> [Work task]:
This exercise asks for an exact copy of the lines from the one containing "Photo 3 from" through the final line of the material, with pictures omitted.
Content starts
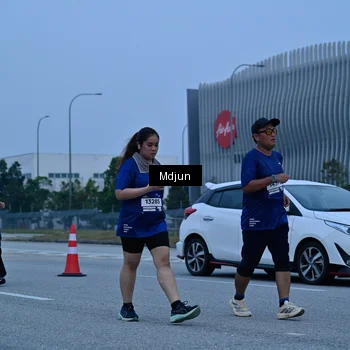 Runner Photo 7481444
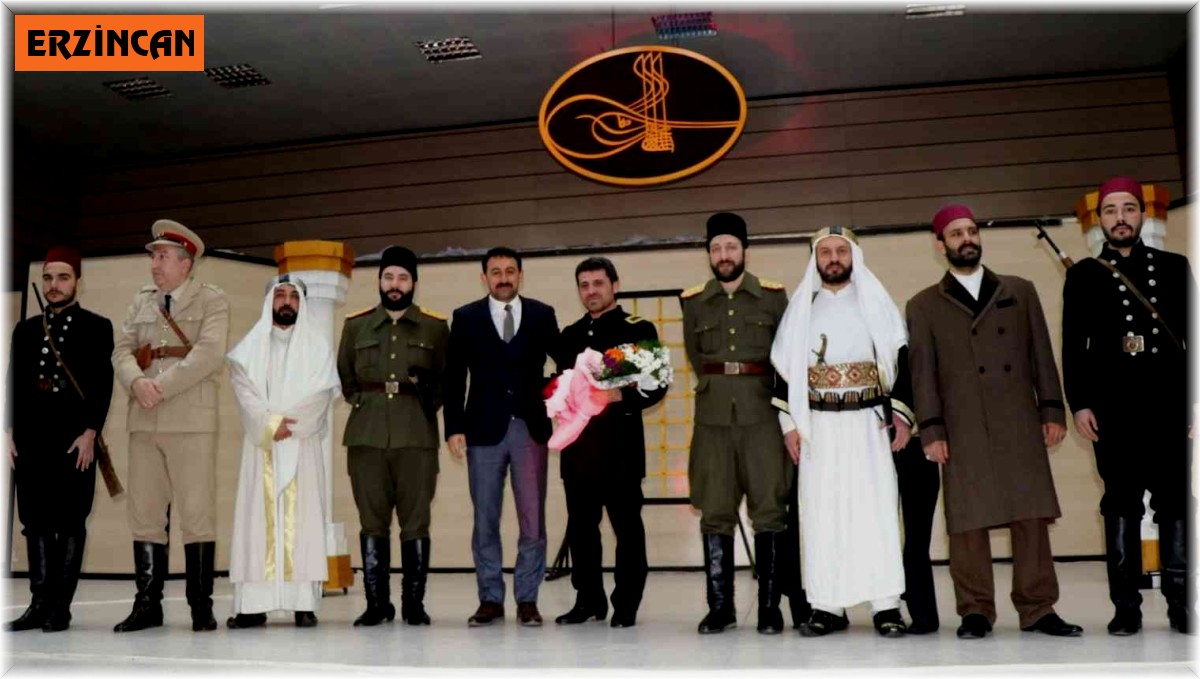 Fahreddin Paşa'nın direnişini anlatan "Kumandan" oyunu Erzincan'da tiyatro severlerle buluştu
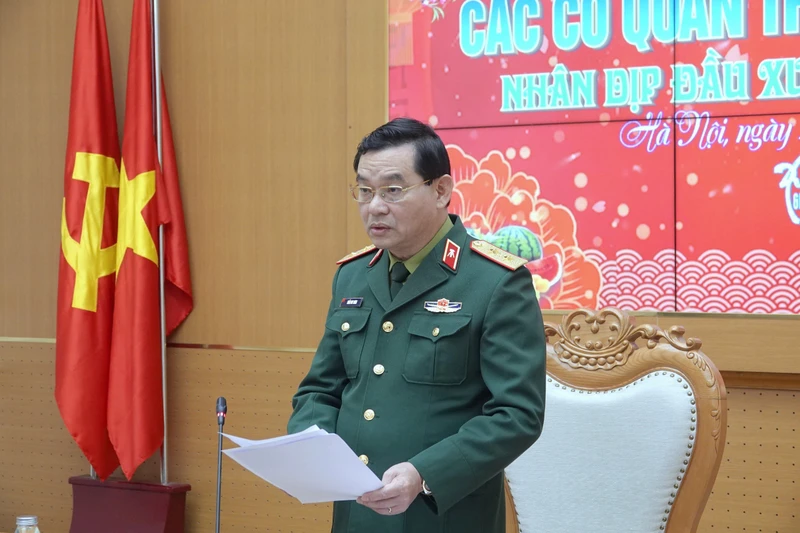 Trung tướng Trần Duy Hưng phát biểu tại buổi gặp mặt. Ảnh: Nguyễn Minh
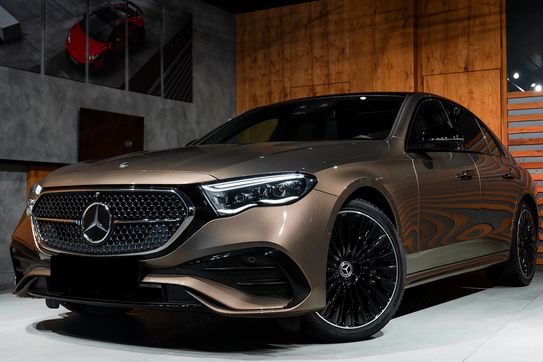Mercedes Klasa E 220 d 4-Matic AMG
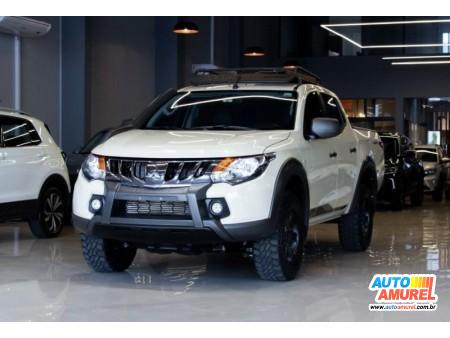 Mitsubishi - L200 Triton Savana GLS 2.4 4x4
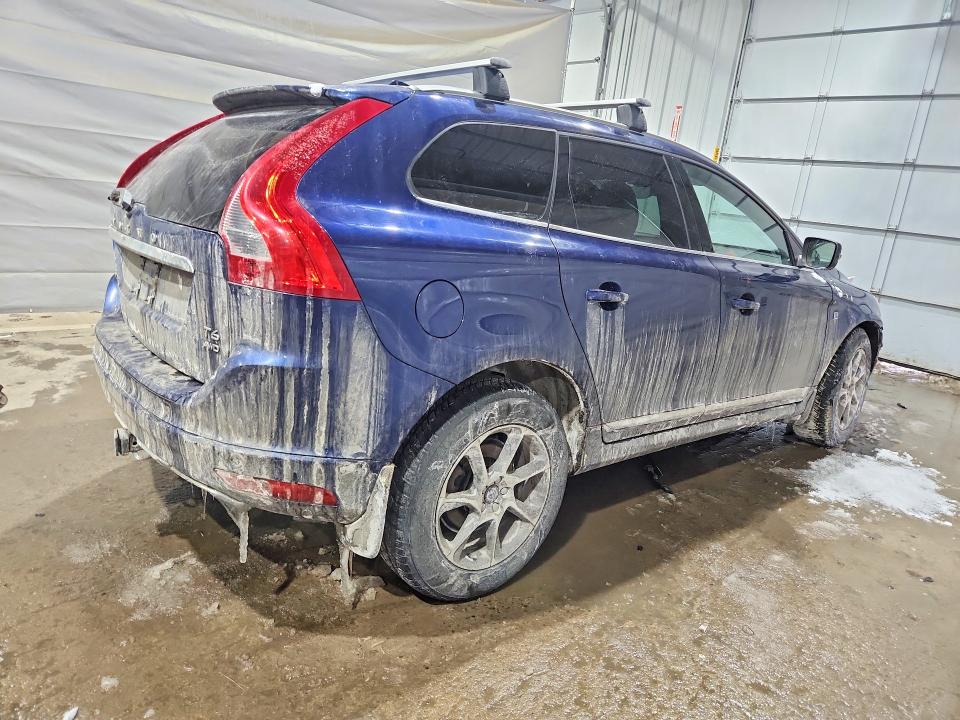 Photo 3 from auction – 2015 VOLVO XC60 with VIN YV4902RV4F2706318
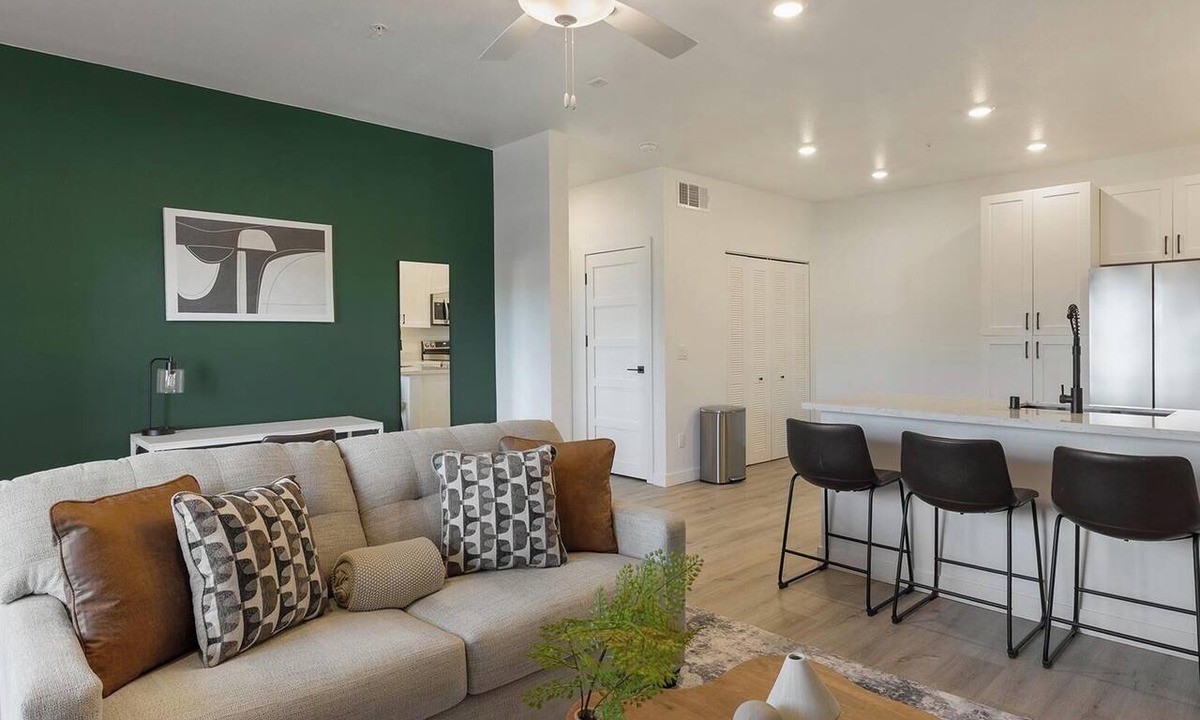 Las Vegas Apartment | Landing | Amazing 1BD, Clubhouse, Gym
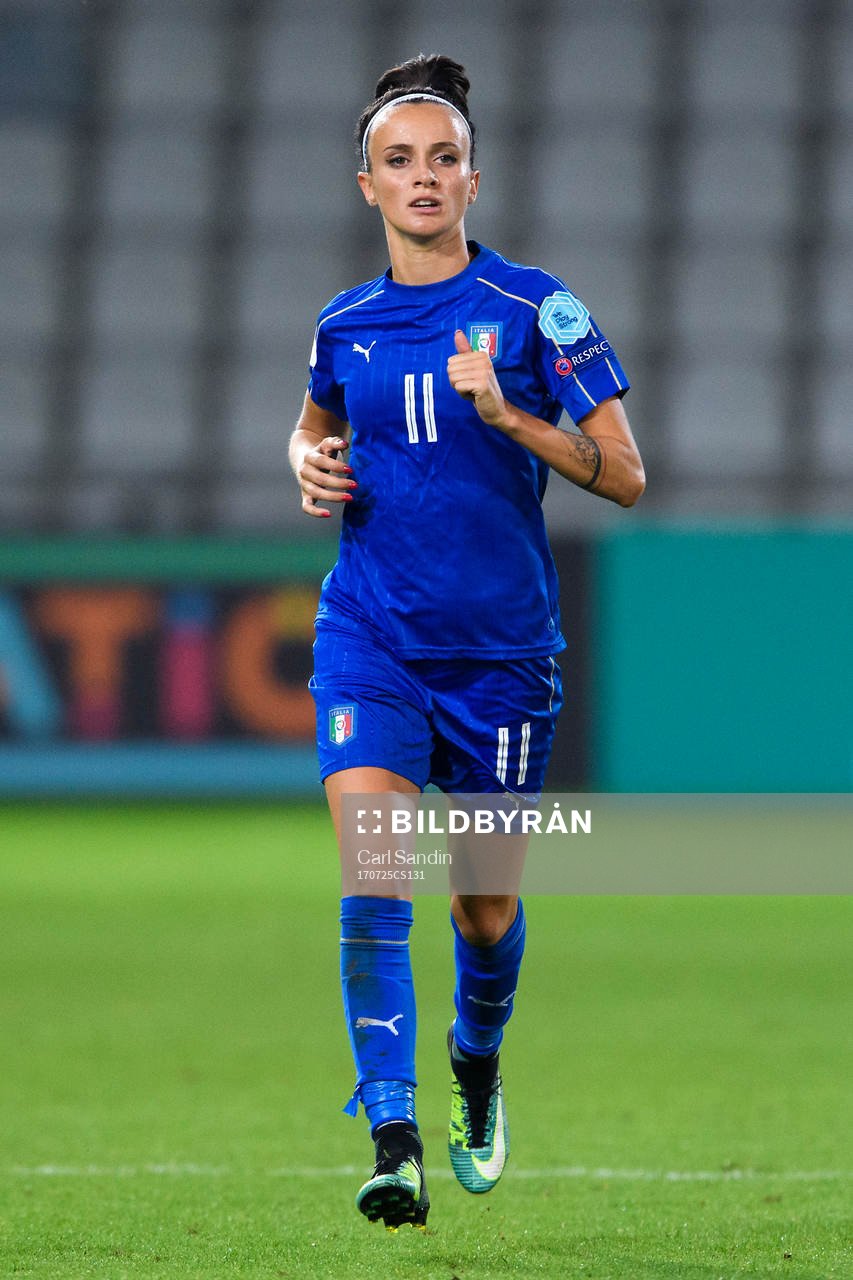 Italiens Barbara Bonansea i matchen mellan Sverige och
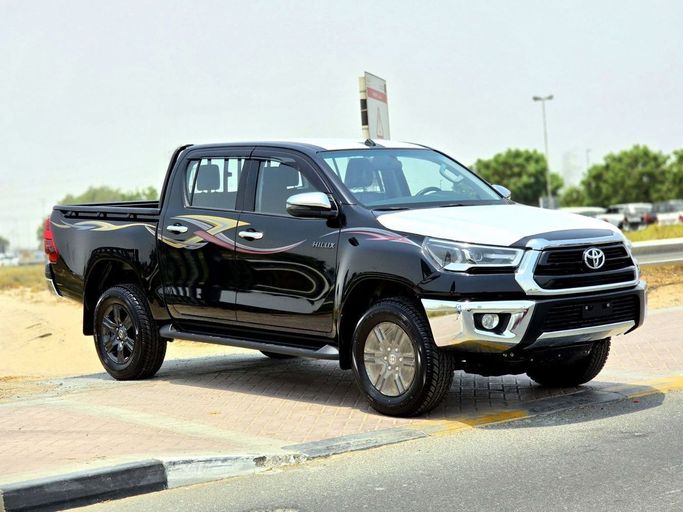Новый Toyota Hilux VIII Рестайлинг, 2.7 л, 2025 в Дубае от Gulzar Motors FZE Черный цвет. GCC | AUTO.AE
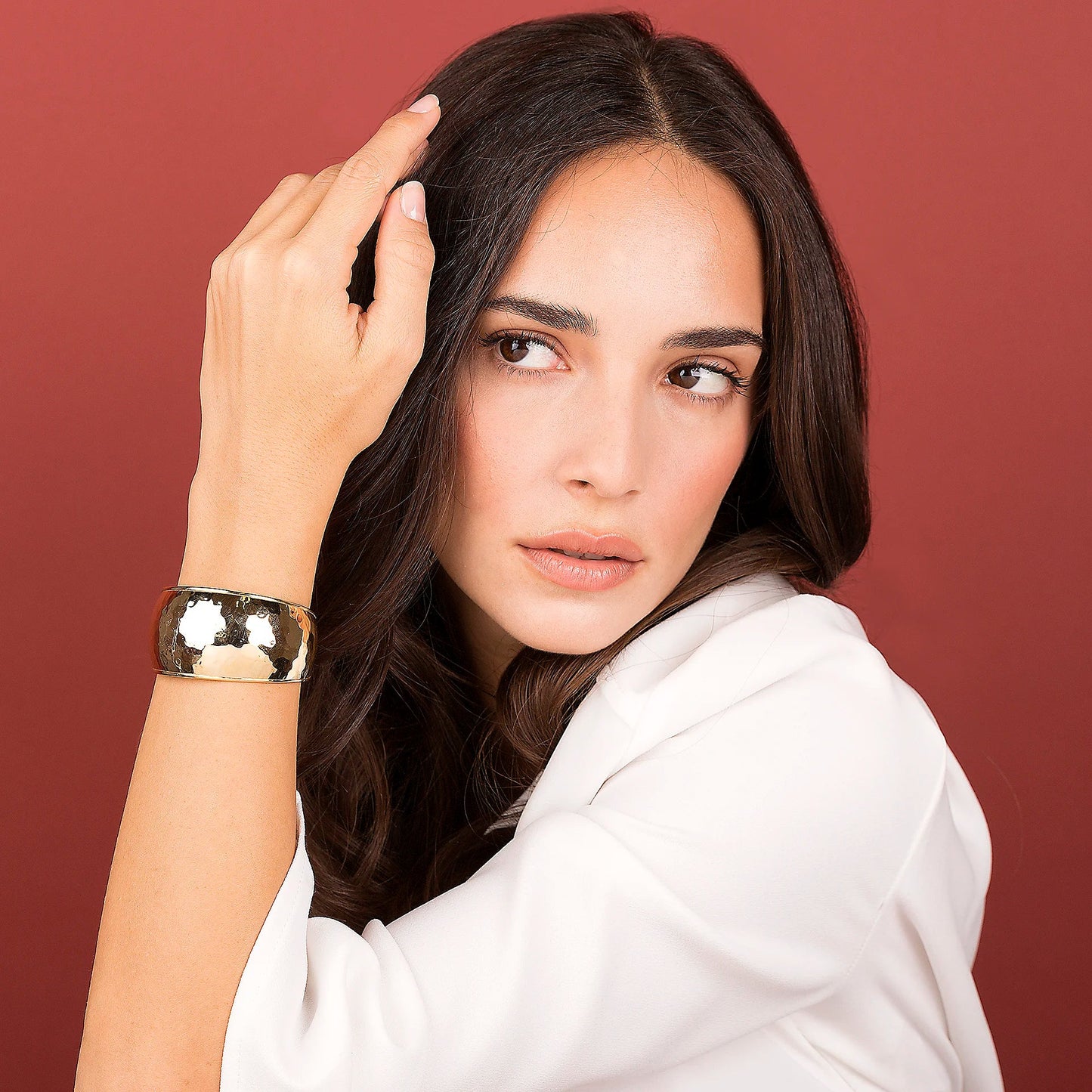 Bracciale Rigido Etrusca Bombato a Fascia con Bordi in Rilievo Lega Golden Placcata Oro 18 kt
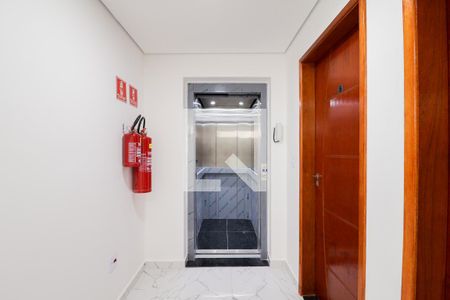 Apartamento à venda com 30m², 1 quarto e sem vagaElevador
Content ends
> [Solved exercise]:
 Photo 3 from auction – 2015 VOLVO XC60 with VIN YV4902RV4F2706318
 Las Vegas Apartment | Landing | Amazing 1BD, Clubhouse, Gym
 Italiens Barbara Bonansea i matchen mellan Sverige och
Новый Toyota Hilux VIII Рестайлинг, 2.7 л, 2025 в Дубае от Gulzar Motors FZE Черный цвет. GCC | AUTO.AE
 Bracciale Rigido Etrusca Bombato a Fascia con Bordi in Rilievo Lega Golden Placcata Oro 18 kt
 Apartamento à venda com 30m², 1 quarto e sem vagaElevador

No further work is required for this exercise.